Um exemplo familiar: o McSorley’s, de Nova York. Na Rua 7, ali onde o Bowery acaba e o Lower East Side começa, em Manhattan, ele ainda está lá, com seu assoalho coberto de serragem e teias de aranha dignas da Família Adams, para recordar, com gargalhadas estrepitosas, o que foi a Era do Ridículo. O McSorley’s existe desde 1854.
O mais antigo bar de Nova York, o clássico dos clássicos – aqueles botequins com jeitão tão esculachado que alguém, fatalmente, vai pensar: pelo menos a bebida deve ser ótima. E é. A bebida e aqueles Irish stews (cozidos) de levantar defunto no inverno. Lugar de antologia, tanto que até livro ele tem, escrito pelo gênio da revista The New Yorker, Joseph Mitchell.

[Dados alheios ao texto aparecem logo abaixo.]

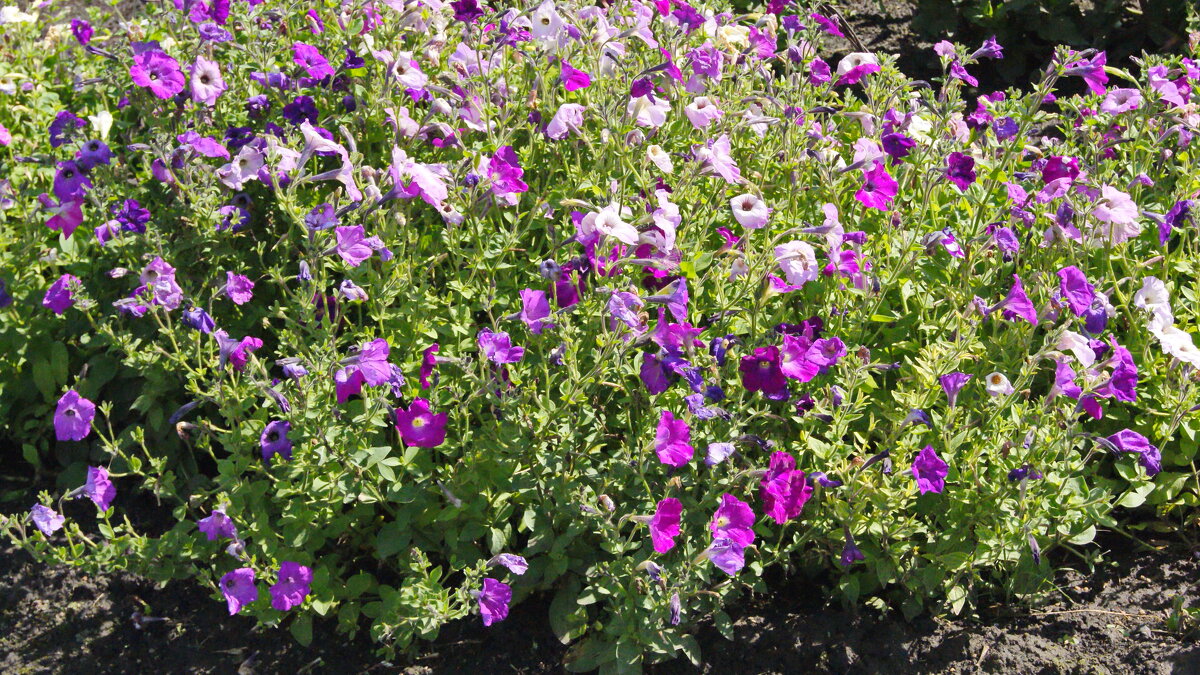 Клумба,цветы. - сергей ермошкин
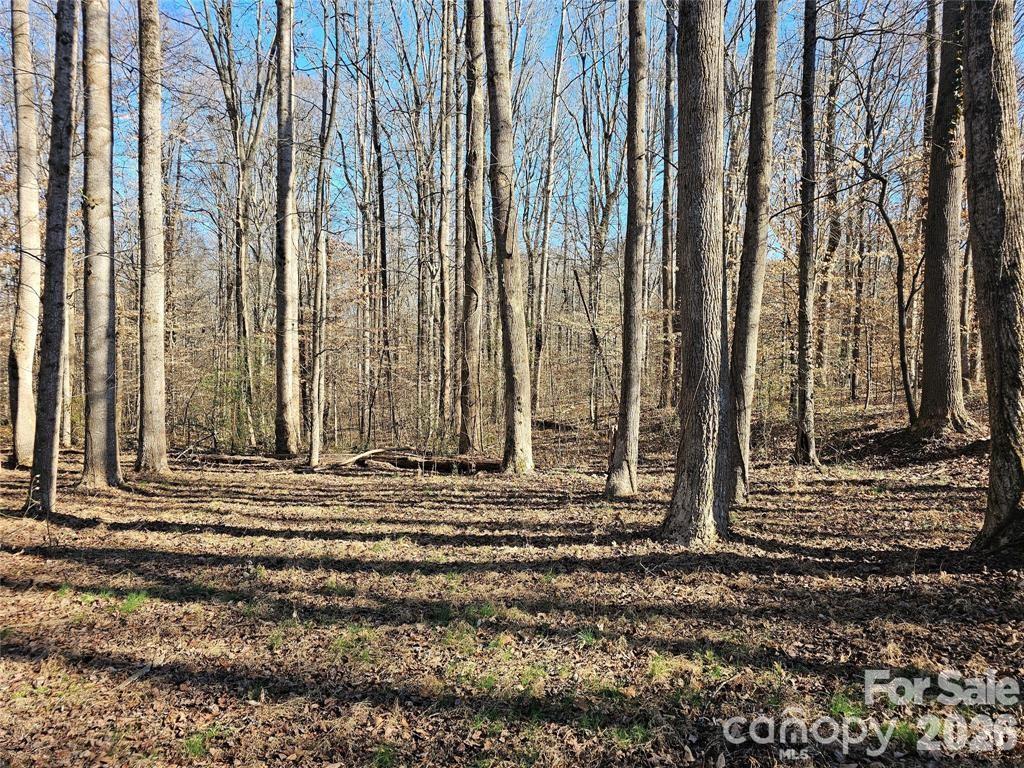 Acreage at 605 Shiloh Road, Statesville, photo 12 of 19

Veio a Lei Seca, e o que fez o McSorley’s? Não fez nada. Quer dizer: eventualmente, tratou para que jamais faltasse algo de forte, vigoroso, recendendo ao Rio Liffey, de Dublin, nas canecas de sua clientela. Passou a destilar sua própria cerveja. Mas não precisou disfarçar, esconder, ocultar. A polícia de Nova York, encarregada de zelar pela Prohibition, era metade italiana, metade irlandesa. Onde é que os policiais irlandeses haveriam de matar a compreensível sede senão no familiar aconchego do McSorley’s?
E assim, enquanto policiais fardados continuavam encenando a repetida cena em que barris de bebida eram rasgados a machadadas, sob o aplauso das câmeras oficiais, policiais à paisana vigiavam para que os carregamentos clandestinos – muitos deles procedentes da rota do Canadá – chegassem ao seu destino.
Senão, o que teriam sido o Algonquin e sua lendária Round Table? No bar do hotel da Rua 44, alguém ainda há de ouvir hoje as gargalhadas de Dorothy Parker, as provocações de Edmund Wilson e o espreguiçar do gato de estimação. O Algonquin era o que um bar literário tem de ser.
Discreto, aconchegante, protegido pelo atlético concièrge Michael Lyons, o perfeito ponto de encontro para o crème de la crème daquela intelligentsia que se revezava entre a Broadway e a revista The New Yorker, ali vizinhas. A legendária Mesa Redonda está lá, ao lado do piano, e olhando-a hoje você se pergunta como é que cabia naquela coisinha tanto talento de palco e de pena.
A Mesa passou a funcionar a partir de 1919 e 1920 e suas estocadas de ironia, picardia e inteligência perenizaram o carisma do Vicious Circle (Círculo do Vício), cuja audiência gravitava em torno de Dorothy Rothschild, aliás, Dorothy Parker, ex-professora de piano, poeta e agora cronista da Vanity Fair. Seu humor era uma adaga abastecida a gim – que nunca lhe faltou. Certo dia, vieram lhe contar que o presidente Calvin Coolidge tinha morrido. “Mas como é que perceberam?”, fuzilou ela.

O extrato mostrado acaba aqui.